As you would expect, the Real Estate Act of Alberta as well as the Real Estate Act Rules, govern the transaction of condominium properties, because condominium is a form of owning real property. As an additional complexity, condominiums are also governed by the Condominium Properties Act of Alberta which relates to the running of the condominium corporation itself, as well as specifics about how condominiums are bought and sold.
One of the biggest misconceptions about condominiums is what exactly a condominium is. Many consumers believe a condominium is an apartment-style property in a complex which offers amenities for its owners. Although this may be accurate, it is not the whole story, as a condominium can be almost anything from an apartment or townhouse to the lot under a single-family home or a 20-acre parcel of rural land. The reason for this is that a Condominium is a type of corporate ownership of a project, rather than simply owning a piece of individual real estate. One of the benefits of condominium ownership includes the right to dispose of your interest in that corporation which is why in the real estate space it feels a lot like non-condominium property.

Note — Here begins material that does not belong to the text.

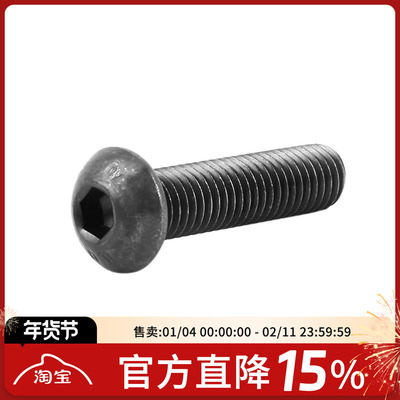 M2.5螺丝配机机架FPV固定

Condominium Docs importance
When a prospective buyer considers buying a condominium property, it's important to frame thoughts around that purchase so the buyer clearly understands what condominium ownership means. If the buyer were going to spend $300,000 to invest in a popular hamburger franchise restaurant, they would likely want to know a few crucial details about that company. Financial health, assets, liabilities, renovation funds, debts, and restrictions, are only a few of the things a restaurant buyer would like to know about before investing their hard-earned money into that corporation to ensure investment success. This is the same as buying a condominium property, where the buyer needs the same information when deciding to invest their money into a condominium corporation. The big difference is that as a benefit of owning shares (unit factors) of that condominium corporation, the purchaser gets to own a specific piece of the physical property. The condominium documents serve the purpose of satisfying the informational needs of the purchaser to evaluate that investment profile.

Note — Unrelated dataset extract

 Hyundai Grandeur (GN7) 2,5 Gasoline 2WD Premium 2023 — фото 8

What documents are required?
Thankfully consumers are not left alone to figure out what documents are critical when considering a Condominium purchase, as the Condominium Properties Act specifies which documents should be prepared by all condominium corporations in Alberta, and the Alberta Real Estate Association has undertaken to include this list and other important documents in the standard purchase contract for resale condominiums used by REALTORS®. By ensuring consumers make their purchase conditional to the review of condominium documents, REALTORS® help buyers gain the transparency they need when making the purchasing decision.
Who should review the documents?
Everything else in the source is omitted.